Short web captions
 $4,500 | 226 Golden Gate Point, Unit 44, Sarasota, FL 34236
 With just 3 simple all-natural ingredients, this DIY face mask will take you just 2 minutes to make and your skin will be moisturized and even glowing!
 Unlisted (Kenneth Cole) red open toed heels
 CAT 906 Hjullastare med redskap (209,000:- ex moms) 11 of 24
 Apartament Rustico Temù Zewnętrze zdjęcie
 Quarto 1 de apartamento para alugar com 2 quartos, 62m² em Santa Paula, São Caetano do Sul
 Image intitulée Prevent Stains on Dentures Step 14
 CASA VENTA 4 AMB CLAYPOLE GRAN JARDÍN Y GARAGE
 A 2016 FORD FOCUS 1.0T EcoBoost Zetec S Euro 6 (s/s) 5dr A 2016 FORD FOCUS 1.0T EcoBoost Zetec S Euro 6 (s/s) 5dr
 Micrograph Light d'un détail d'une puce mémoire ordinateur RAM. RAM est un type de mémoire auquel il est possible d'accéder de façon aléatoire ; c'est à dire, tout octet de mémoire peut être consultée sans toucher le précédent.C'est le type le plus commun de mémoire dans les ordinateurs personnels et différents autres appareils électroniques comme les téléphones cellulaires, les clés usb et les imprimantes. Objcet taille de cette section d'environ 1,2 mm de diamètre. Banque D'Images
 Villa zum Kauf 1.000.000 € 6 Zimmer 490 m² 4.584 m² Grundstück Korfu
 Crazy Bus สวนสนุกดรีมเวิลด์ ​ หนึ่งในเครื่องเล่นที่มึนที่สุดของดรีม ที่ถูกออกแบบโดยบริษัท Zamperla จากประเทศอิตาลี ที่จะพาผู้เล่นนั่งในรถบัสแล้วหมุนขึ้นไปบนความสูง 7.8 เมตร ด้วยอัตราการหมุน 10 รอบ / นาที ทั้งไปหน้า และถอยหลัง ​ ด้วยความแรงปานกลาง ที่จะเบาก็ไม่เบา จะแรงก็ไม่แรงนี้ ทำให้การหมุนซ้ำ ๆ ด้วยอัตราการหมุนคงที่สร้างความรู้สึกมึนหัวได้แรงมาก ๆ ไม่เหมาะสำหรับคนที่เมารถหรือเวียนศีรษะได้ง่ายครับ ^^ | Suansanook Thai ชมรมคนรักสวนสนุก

TASK BRIEF -
Retype the data precisely.

SOLUTION FOR THIS TASK -
 $4,500 | 226 Golden Gate Point, Unit 44, Sarasota, FL 34236
 With just 3 simple all-natural ingredients, this DIY face mask will take you just 2 minutes to make and your skin will be moisturized and even glowing!
 Unlisted (Kenneth Cole) red open toed heels
 CAT 906 Hjullastare med redskap (209,000:- ex moms) 11 of 24
 Apartament Rustico Temù Zewnętrze zdjęcie
 Quarto 1 de apartamento para alugar com 2 quartos, 62m² em Santa Paula, São Caetano do Sul
 Image intitulée Prevent Stains on Dentures Step 14
 CASA VENTA 4 AMB CLAYPOLE GRAN JARDÍN Y GARAGE
 A 2016 FORD FOCUS 1.0T EcoBoost Zetec S Euro 6 (s/s) 5dr A 2016 FORD FOCUS 1.0T EcoBoost Zetec S Euro 6 (s/s) 5dr
 Micrograph Light d'un détail d'une puce mémoire ordinateur RAM. RAM est un type de mémoire auquel il est possible d'accéder de façon aléatoire ; c'est à dire, tout octet de mémoire peut être consultée sans toucher le précédent.C'est le type le plus commun de mémoire dans les ordinateurs personnels et différents autres appareils électroniques comme les téléphones cellulaires, les clés usb et les imprimantes. Objcet taille de cette section d'environ 1,2 mm de diamètre. Banque D'Images
 Villa zum Kauf 1.000.000 € 6 Zimmer 490 m² 4.584 m² Grundstück Korfu
 Crazy Bus สวนสนุกดรีมเวิลด์ ​ หนึ่งในเครื่องเล่นที่มึนที่สุดของดรีม ที่ถูกออกแบบโดยบริษัท Zamperla จากประเทศอิตาลี ที่จะพาผู้เล่นนั่งในรถบัสแล้วหมุนขึ้นไปบนความสูง 7.8 เมตร ด้วยอัตราการหมุน 10 รอบ / นาที ทั้งไปหน้า และถอยหลัง ​ ด้วยความแรงปานกลาง ที่จะเบาก็ไม่เบา จะแรงก็ไม่แรงนี้ ทำให้การหมุนซ้ำ ๆ ด้วยอัตราการหมุนคงที่สร้างความรู้สึกมึนหัวได้แรงมาก ๆ ไม่เหมาะสำหรับคนที่เมารถหรือเวียนศีรษะได้ง่ายครับ ^^ | Suansanook Thai ชมรมคนรักสวนสนุก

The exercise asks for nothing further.